BEGIN DATA EXTRACT

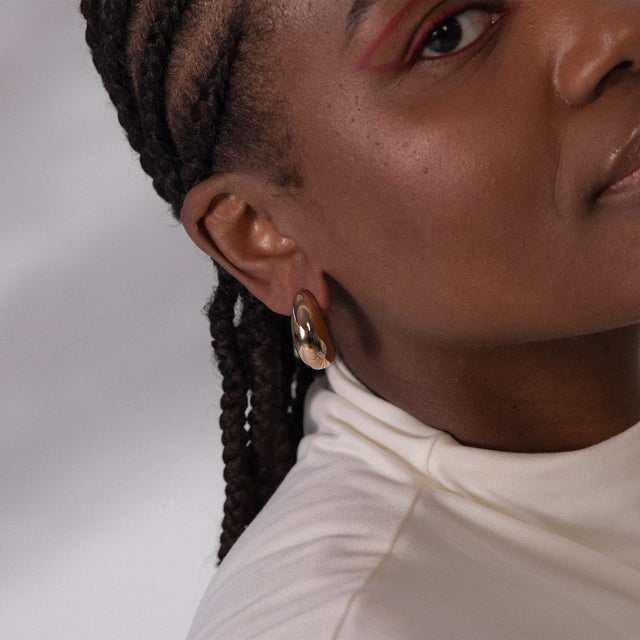 PURELEI Big Drop Ohrringe in glänzendem Gold, tropfenförmig, elegant und zeitlos, getragen am Ohr.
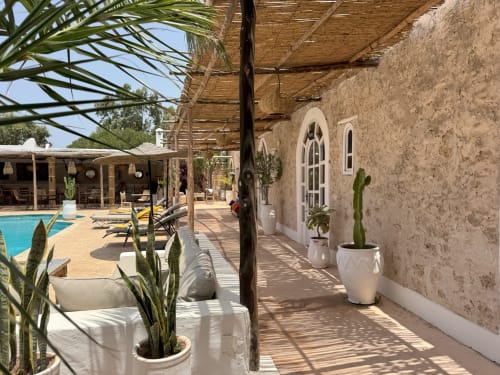 Patio del Riad Eucalyptus con su piscina climatizada, plantas en macetas de barro, pérgola y bejmat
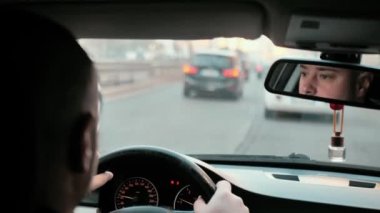 Yolculuk, araba yolculuğu konsepti. Araba sürücüsü, dikiz aynasından. Bir adam elleri direksiyonda araba kullanır.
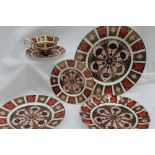 A Royal Crown Derby 1128 pattern dinner plate together with a bread and butter plate, side plate,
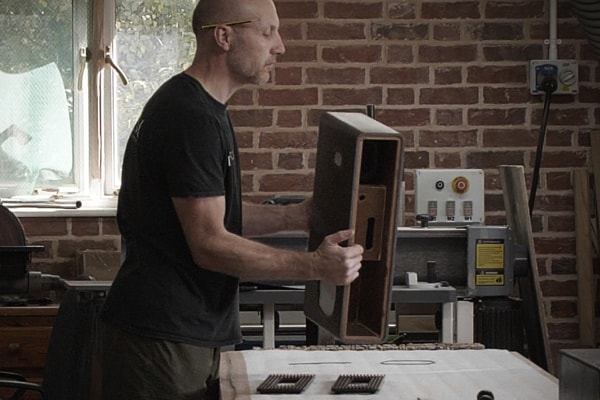 Craftsman working on R5 MiE cabinet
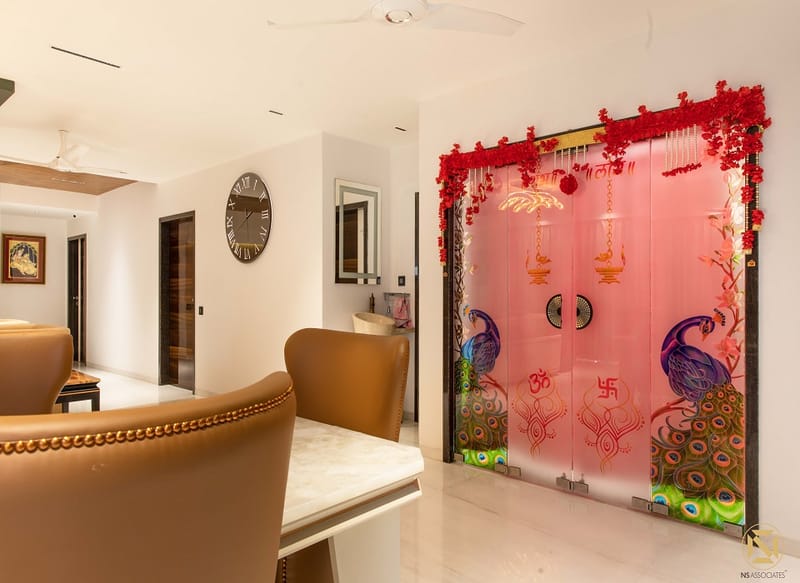 Pooja room with backlit peacock-motif glass doors framed by marigold garlands beside a marble dining nook, Hyderabad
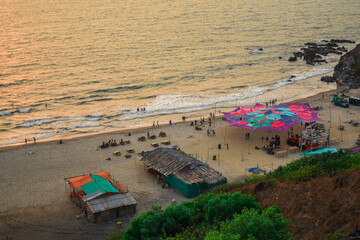 beach huts at sunset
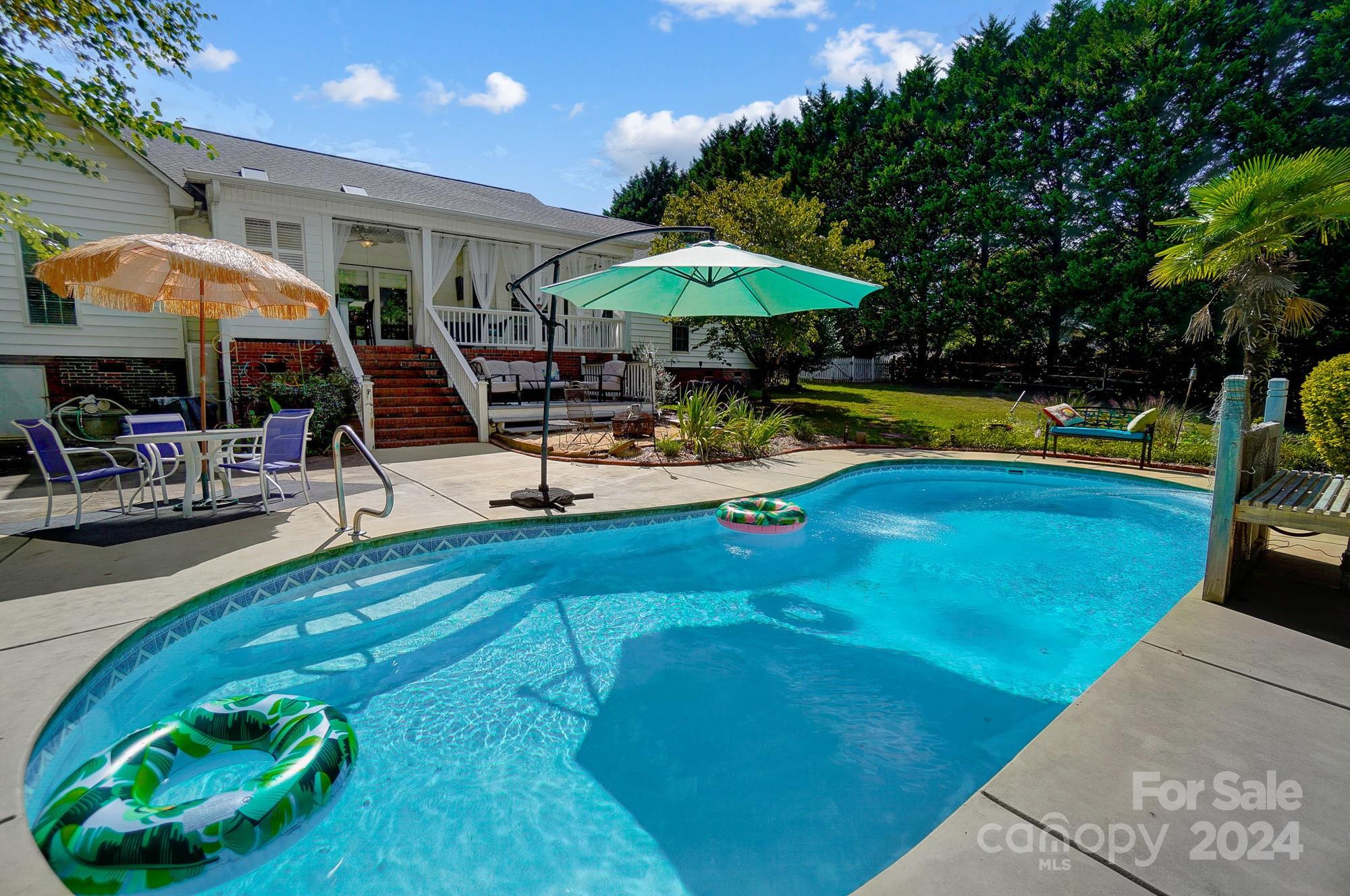8387 Fairfield Forest Road Denver, NC 28037 - Photo 35 of 38 a view of a swimming pool with a table and chairs under an umbrella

END DATA EXTRACT

For this exercise, copy the entries above exactly and skip any picture.

 PURELEI Big Drop Ohrringe in glänzendem Gold, tropfenförmig, elegant und zeitlos, getragen am Ohr.
 Patio del Riad Eucalyptus con su piscina climatizada, plantas en macetas de barro, pérgola y bejmat
 Yolculuk, araba yolculuğu konsepti. Araba sürücüsü, dikiz aynasından. Bir adam elleri direksiyonda araba kullanır.
 A Royal Crown Derby 1128 pattern dinner plate together with a bread and butter plate, side plate,
 Craftsman working on R5 MiE cabinet
 Pooja room with backlit peacock-motif glass doors framed by marigold garlands beside a marble dining nook, Hyderabad
 beach huts at sunset
8387 Fairfield Forest Road Denver, NC 28037 - Photo 35 of 38 a view of a swimming pool with a table and chairs under an umbrella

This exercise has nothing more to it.